Newswise — For patients with type 1 diabetes, obesity is an important risk factor for the development of diabetic kidney disease, reports a study in the January Journal of the American Society of Nephrology.
"Our results suggest that weight control is important in type 1 diabetes and that overweight patients with type 1 diabetes may need further evaluation and treatment," comments Dr. Ian H. de Boer of University of Washington, Seattle, lead author of the new study. "For these patients, lifestyle interventions such as exercise and diet may be useful in preventing kidney and heart disease."
Dr. de Boer and colleagues analyzed long-term follow-up data on nearly 1,300 patients with type 1 diabetes from the Diabetes Control and Complications Trial (DCCT). The DCCT was a landmark study showing that intensive insulin therapy, keeping blood sugar levels as close to normal as possible, lowers the risk of kidney disease and other diabetic complications. The current study focused on how obesity—specifically "central obesity," measured in terms of waist circumference—affected the risk of kidney disease.
During an average of nearly 6 years' follow-up, 8.4 percent of patients developed microalbuminuria—small amounts of the protein albumin in urine, the first sign of diabetic kidney disease. Risk was 4.5 percent for patients receiving intensive insulin therapy, compared to 12.8 percent for those receiving conventional insulin treatment.
The risk of microalbuminuria was significantly higher for patients with central obesity. The bigger the waist measurement, the higher the risk— for each ten-centimeter (four-inch) increase in waist circumference, risk of microalbuminuria increased by 34 percent. This relationship remained significant after adjustment for other risk factors, including intensive insulin therapy.
Obesity did not affect the rate of decline in kidney function, based on a test called creatinine clearance. Other risk factors for faster declines in creatinine clearance were older age, conventional insulin therapy, smoking, and poorer control of blood sugar levels.

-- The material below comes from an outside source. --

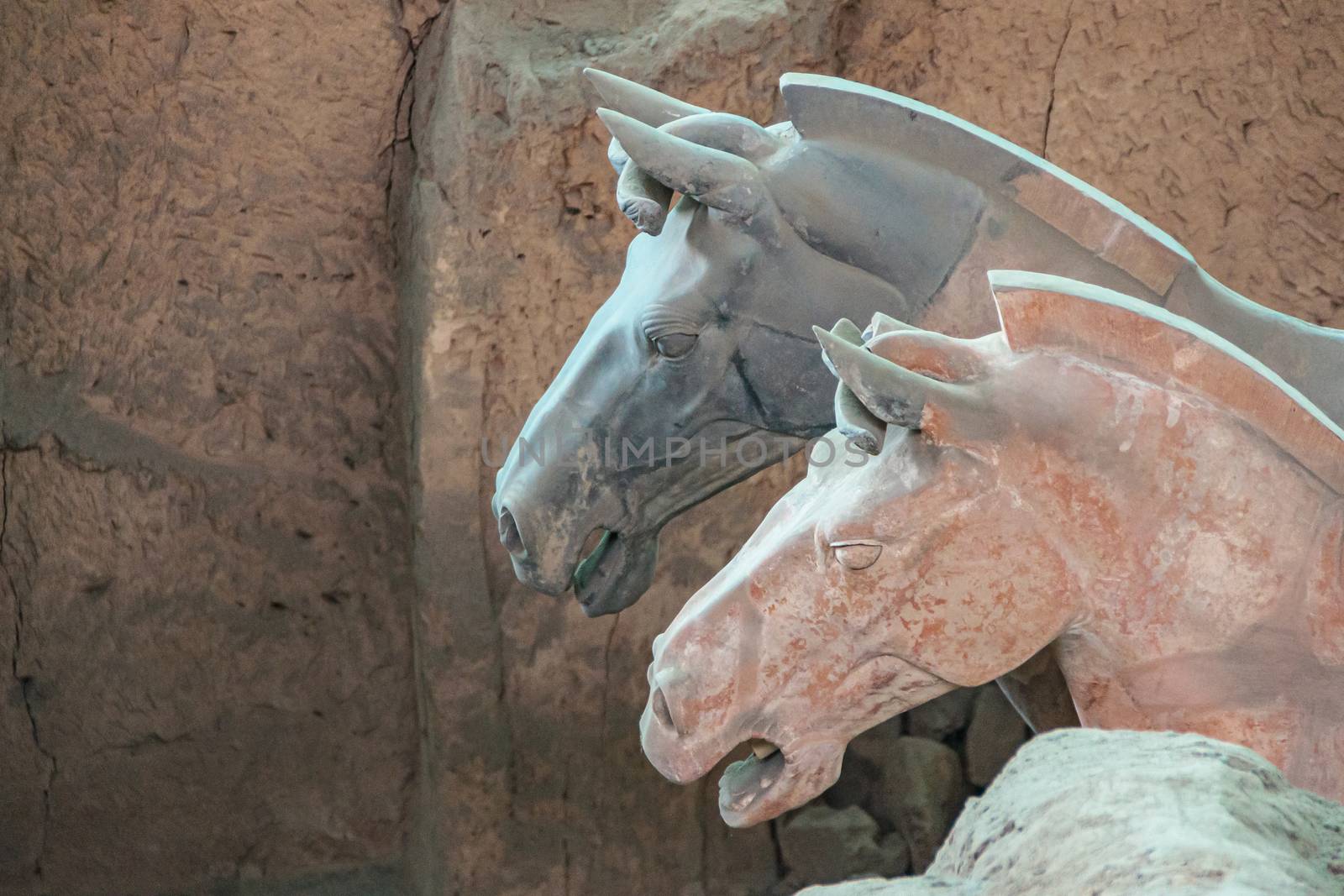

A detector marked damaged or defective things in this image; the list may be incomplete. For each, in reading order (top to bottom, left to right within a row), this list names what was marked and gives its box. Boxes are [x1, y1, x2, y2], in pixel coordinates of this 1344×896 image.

vertical crack in wall [1, 438, 55, 881]
cracked dirt wall [1, 2, 419, 896]
cracked dirt wall [406, 2, 1344, 896]
vertical crack in wall [1042, 1, 1075, 160]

"Obesity is a growing problem for people with type 1 diabetes, but little was previously known about whether it affects risk for kidney disease in this group," says Dr. de Boer. "Our research shows that central obesity is associated with an increased risk of developing microalbuminuria, which is not only an important sign of kidney disease but also a marker of increased risk for cardiovascular disease." The results suggest that losing weight might help to reduce the risk of kidney and heart disease in obese patients with type 1 diabetes, although further study would be needed to confirm this.

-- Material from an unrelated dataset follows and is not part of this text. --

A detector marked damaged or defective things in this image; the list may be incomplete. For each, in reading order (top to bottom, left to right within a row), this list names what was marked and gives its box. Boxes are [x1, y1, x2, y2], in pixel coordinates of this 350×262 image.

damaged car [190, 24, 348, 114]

The new report also provides an interesting follow-up to the DCCT and other studies showing the value of intensive insulin therapy. "Although intensive insulin therapy is associated with weight gain, our study showed again that, overall, intensive insulin therapy is protective against kidney disease in type 1 diabetes," Dr. de Boer adds. "In fact, intensive insulin therapy was associated with preservation of creatinine clearance over time, a benefit that had not been previously described."
The study entitled, "Central Obesity, Incident Microalbuminuria, and Change in Creatinine Clearance in the Epidemiology of Diabetes Interventions and Complications Study," will be available online at http://www.jasn.org beginning on Wednesday, December 6 and in print in the January issue of the Journal of the American Society of Nephrology.
The ASN is a not-for-profit organization of 9,500 physicians and scientists dedicated to the study of nephrology and committed to providing a forum for the promulgation of information regarding the latest research and clinical findings on kidney diseases.